London Canada West

Defunct pre-Confederation electoral district
- Legislature: Legislative Assembly of the Province of Canada
- District created: 1841
- District abolished: 1867
- First contested: 1841
- Last contested: 1863

= London (Province of Canada electoral district) =

Electoral district, Legislative Assembly, Province of Canada

London was an electoral district of the Legislative Assembly of the Parliament of the Province of Canada, in Canada West (now Ontario). It was created in 1851, upon the establishment of the Province of Canada by the union of Upper Canada and Lower Canada. London was represented by one member in the Legislative Assembly. It was abolished in 1867, upon the creation of Canada and the province of Ontario.

== Boundaries ==

London electoral district was based primarily on the boundaries of the town of London, on the Ontario Peninsula. The town of London was the major centre of the electoral district.

The Union Act, 1840 had merged the two provinces of Upper Canada and Lower Canada into the Province of Canada, with a single Parliament. The separate parliaments of Lower Canada and Upper Canada were abolished. The Union Act provided that the town of London would constitute one electoral district in the Legislative Assembly of the new Parliament, but gave the Governor General of the Province of Canada the power to draw the boundaries for the electoral district.

The first Governor General, Lord Sydenham, issued a proclamation shortly after the formation of the Province of Canada in early 1841, establishing the boundaries for the electoral district:

The Town of London shall be bounded and limited as follows :—commencing on the north branch of the River Thames, between the second and third concessions of the Township of London, at the north-west angle of the said Town of London; then, north, sixty-eight degrees, thirty minutes east, one hundred and fifty chains, more or less, to the limit between lots numbers eleven and twelve of said Township; then south, twenty-one degrees, thirty minutes east, two hundred and eleven chains, more or less, to the River Thames; then westerly and northerly along the said River, to the forks, near Dundas street, forming the north branch of the said River; then along the waters of the said north branch, in a northerly direction, to the place of beginning.

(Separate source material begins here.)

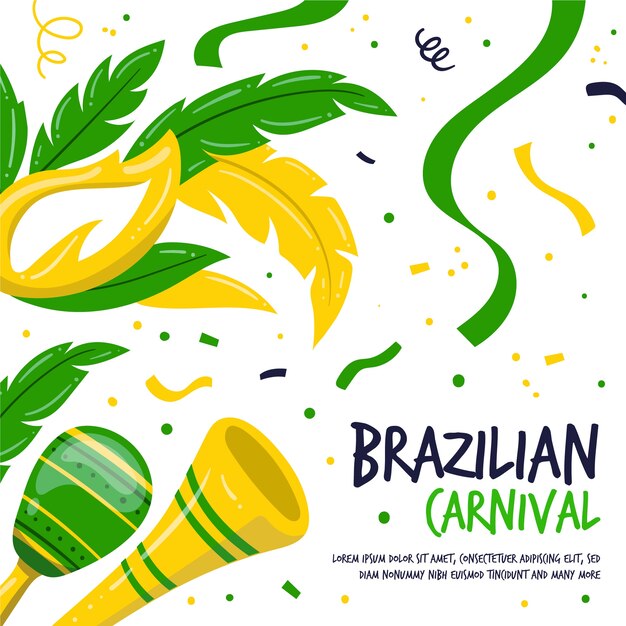 Colorful hand drawn brazilian carnival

== Members of the Legislative Assembly ==

London was represented by one member in the Legislative Assembly. The following were the members for London.

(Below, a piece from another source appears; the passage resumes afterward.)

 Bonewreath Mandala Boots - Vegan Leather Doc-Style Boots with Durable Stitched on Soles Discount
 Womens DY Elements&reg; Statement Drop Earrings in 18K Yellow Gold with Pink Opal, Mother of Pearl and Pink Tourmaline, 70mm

Parliament: Years; Members; Party
1st Parliament 1841–1844: 1841; Hamilton Hartley Killaly; Unionist; moderate Reformer
1842–1843

== Abolition ==

The electoral district was abolished on July 1, 1867, when the British North America Act, 1867 came into force, creating Canada and splitting the Province of Canada into Quebec and Ontario. It was succeeded by the electoral districts of London in both the House of Commons of Canada and the Legislative Assembly of Ontario.